Kritik Film: Die Liebe, das Licht des Lebens

Schicksale in der Vorstadtsiedlung: Götz Spielmanns beeindruckendes Episodendrama "Antares".

Können Sie das Licht da vorne anmachen?", sagt der Mann zum Taxifahrer; er will sich Fotos von seiner Geliebten ansehen. Der erste Satz in Götz Spielmanns Antares ist bezeichnenderweise eine Frage - es wird um Leidenschaft gehen, und um die Schwierigkeiten, sie zu kommunizieren -, und er handelt, noch bezeichnender, vom Licht: Die Sehnsucht nach Liebe ist die Triebfeder der Figuren des Films, das utopische Licht ihres Lebens, darauf bezieht sich der Titel: Antares, der 500 Lichtjahre entfernte Doppelstern, rot und stark vom Himmel strahlend, und deswegen zum baldigen Untergang als Supernova verurteilt. Gleich darauf wird das Taxi von einem anderen Auto gerammt, mit fatalen Folgen. Eine andere, schmerzliche (Liebes-)Geschichte ist endgültig verglüht.
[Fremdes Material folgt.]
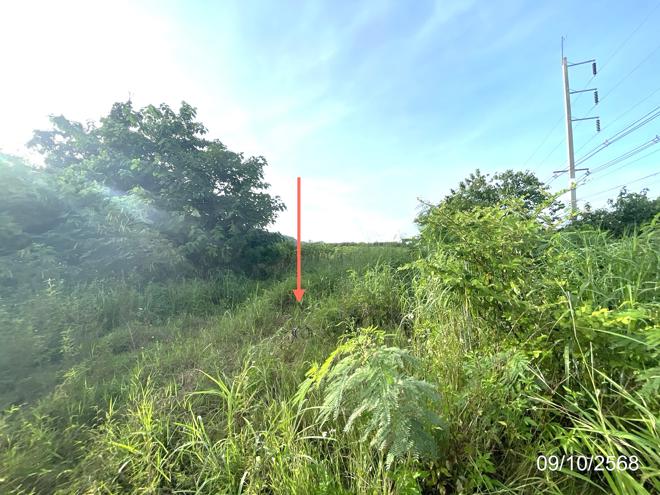 รูป ที่ดินว่างเปล่า สำหรับขาย - สระประดู่ วิเชียรบุรี เพชรบูรณ์ - รูปที่ 5/24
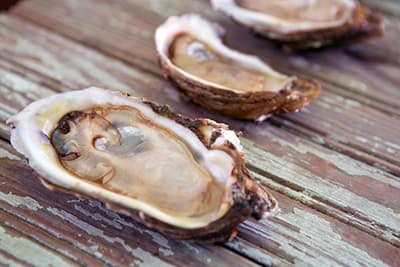 Raw Oysters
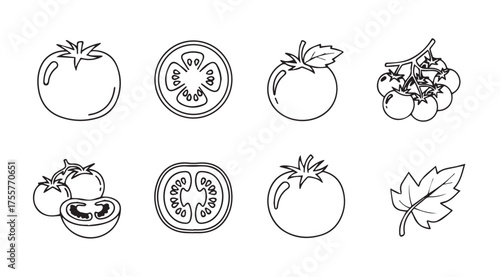 Collection of fresh tomato icons and illustrations representing various forms and stages of growth vector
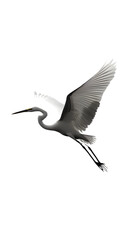 Obraz premium Great White Heron Bird, on Transparent PNG Background, Photo Realistic, Wallpaper, Cover and Screen for Smartphone, PC, Laptop, Transparent PNG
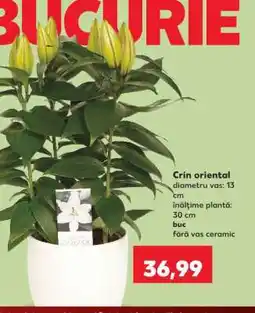 Kaufland Crin oriental Ofertă
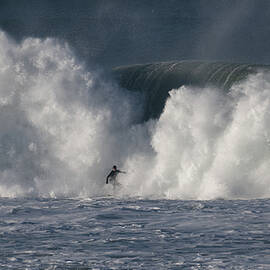 Extreme Surfing by John McGinty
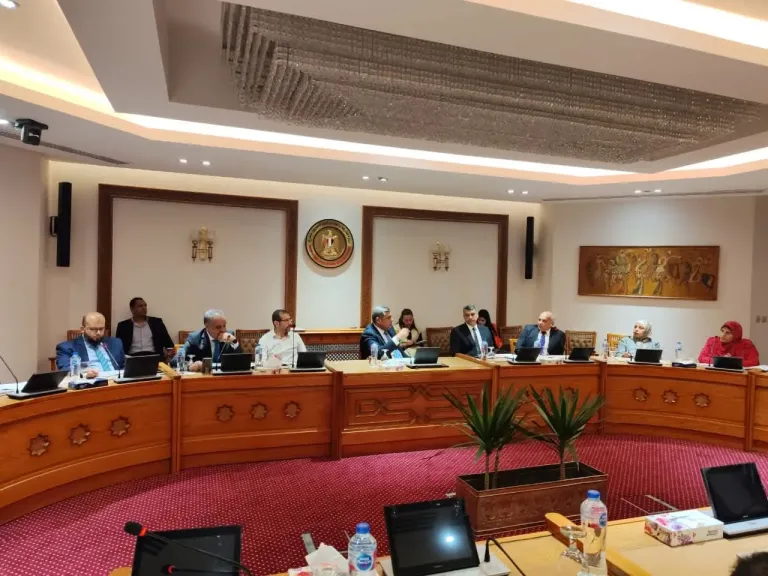 انعقاد اللجنة الدائمة لمتابعة العلاقات المصرية الإفريقية انعقاد اللجنة الدائمة لمتابعة العلاقات المصرية الإفريقية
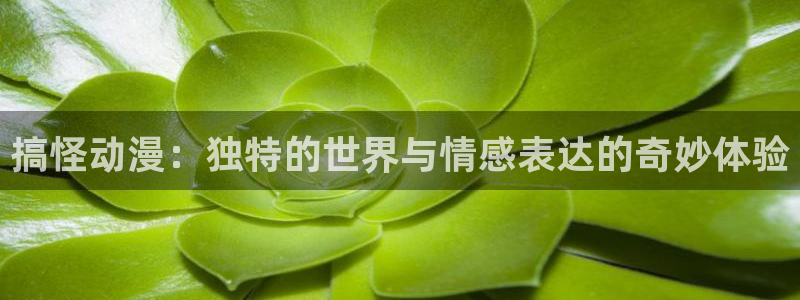 里番漫在线观看：搞怪动漫：独特的世界与情感表达的奇妙体验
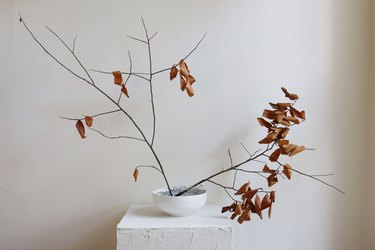 Foraged branches with brown leaves arranged in bowl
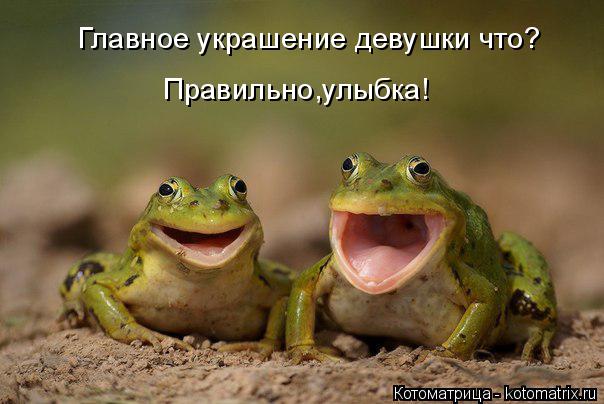 Главное украшение девушки что? Правильно,улыбка!... Котоматрица: Главное украшение девушки что? Правильно,улыбка!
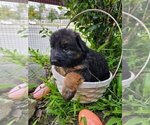 Small Photo #2 German Shepherd Dog Puppy For Sale in SAN FERNANDO, CA, USA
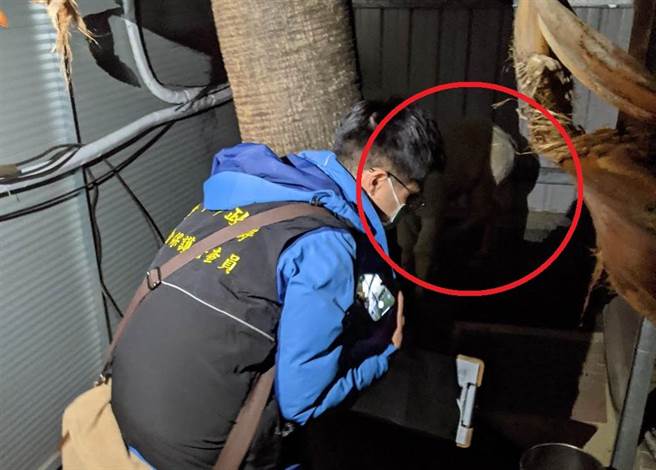 台中市府动保处17日表示，南屯区一家夜店外第羊驼经派员稽查，今早羊驼已带离原饲养空间，后续将函请饲主到案说明去向。（卢金足摄）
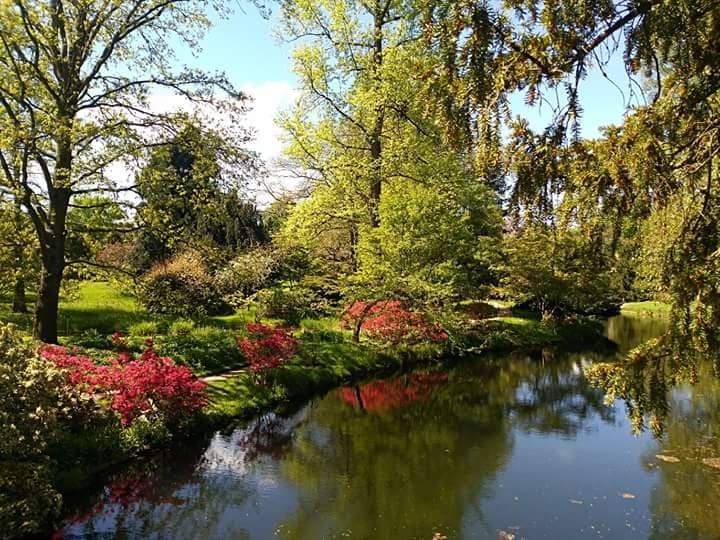 Arboretum de la Vallée-aux-Loups Châtenay-Malabry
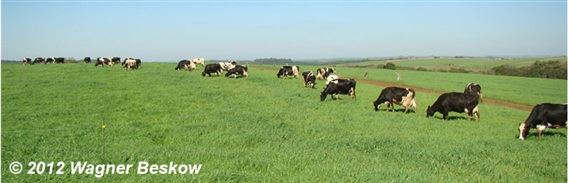 Vacas Holandês a pasto - Foto Wagner Beskow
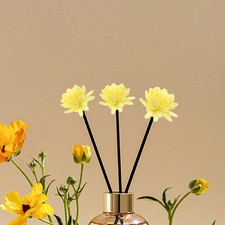  100 Pcs Parfum D'intérieur D'ambiance Maison De Chambre Diffuseur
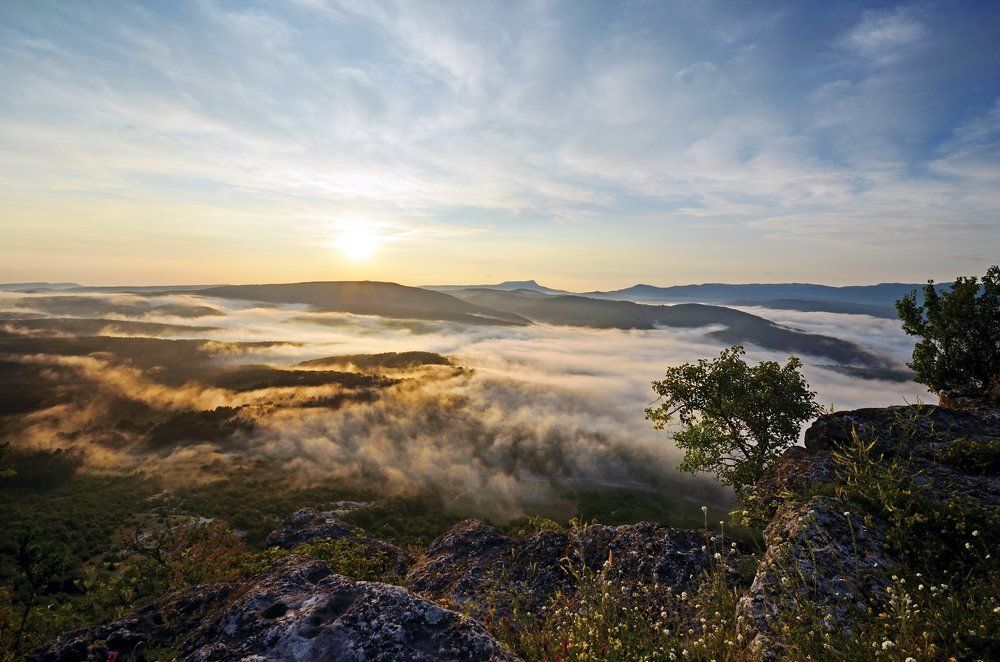 Photograph by Яковлев Александр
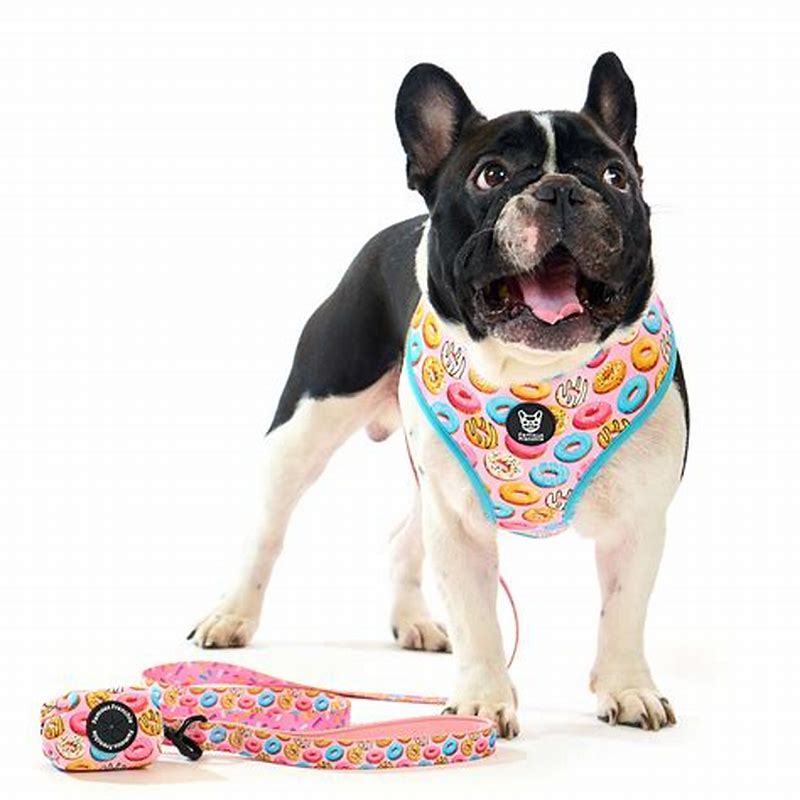 Famous Frenchie HAM REVERSIBIL - imagine produs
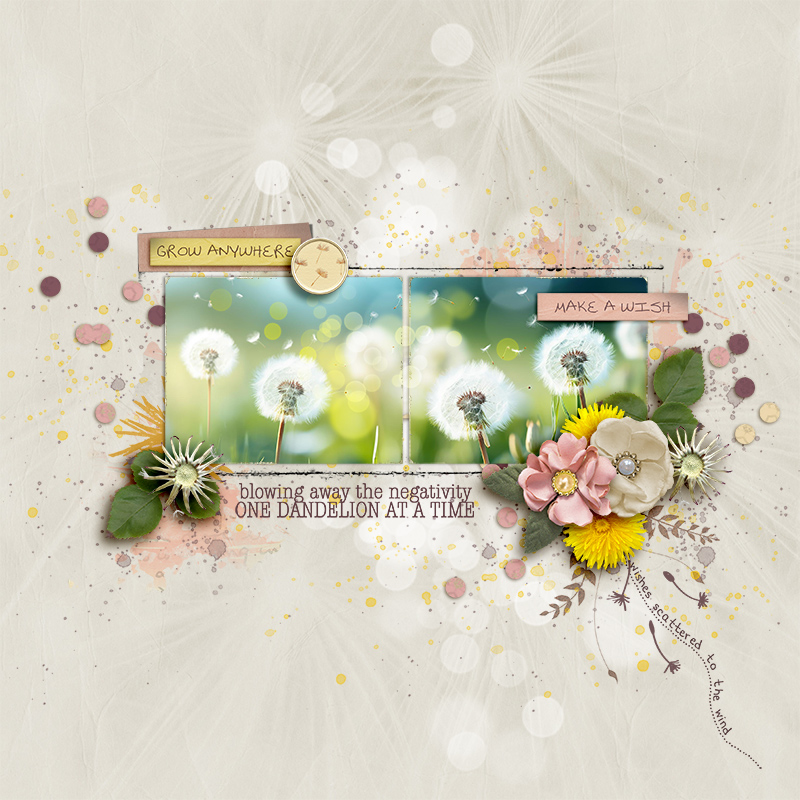 FF_may9_EHS_Grow Anywhere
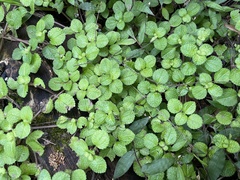 Pilea nummulariifolia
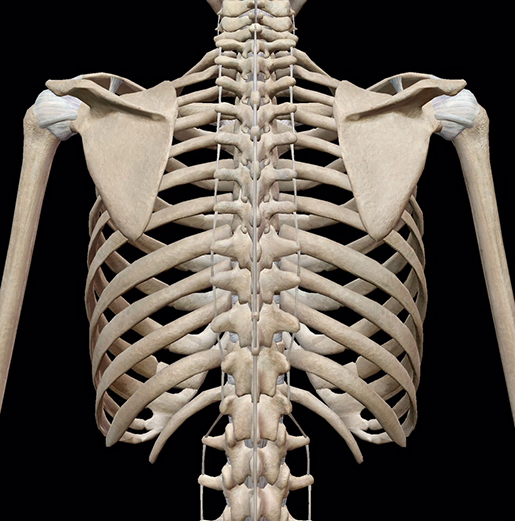 3d Skeletal System Bones Of The Thoracic Cage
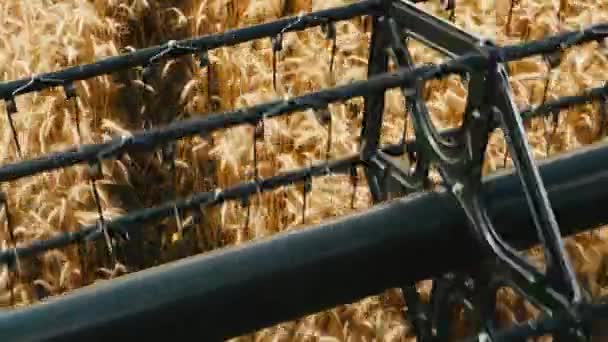 Tarweoogst Tarweoogstschaar Oogstmachine Oogsten Gouden Rijpe Tarweveld Een Landbouwveld Bij — Stockvideo
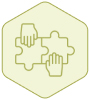 Customized Solutions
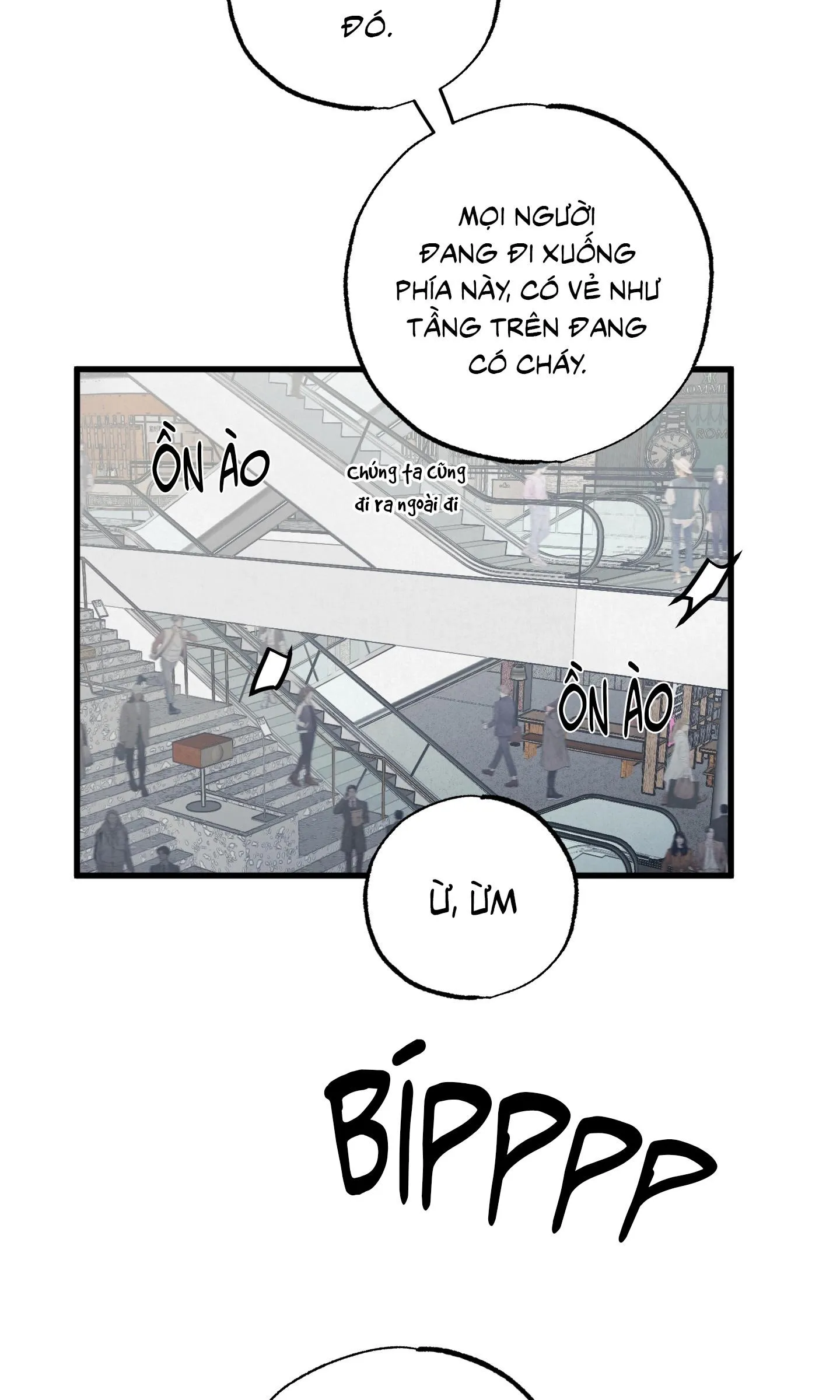 CẶP ĐÔI HOÀN HẢO Chapter 41 Trang 56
Herausragend an Antares ist die Sorgfalt, mit der Spielmann jede Ebene des Films (und ihr Ineinandergreifen) konstruiert hat: Das Episodendrama in der Vorstadt ist mittlerweile fast zum Klischee geworden, gerade im heimischen Kino, scheint nach großen Würfen wie Ulrich Seidls schonungslosem Sittenbild Hundstage und Barbara Alberts metaphysischem Mosaik Böse Zellen ausgereizt. Dass Antares danach dennoch bestehen kann, liegt zum einen am verhaltenen Optimismus, mit dem Spielmann in finstere Seelenzustände dringt - Antares scheint ein Gegenbild zum grassierenden Determinismus. Zum anderen überzeugt die Methode: Spielmann pflegt ein Qualitätskino, wie es gern (und nicht immer zurecht) als ästhetisch konservativ abgekanzelt wird, dessen Vorzüge dafür gänzlich unabhängig von Moden sind - ein sorgfältig durchgearbeitetes Drehbuch, virtuose Schauspielerführung und beträchtliche technische Finesse.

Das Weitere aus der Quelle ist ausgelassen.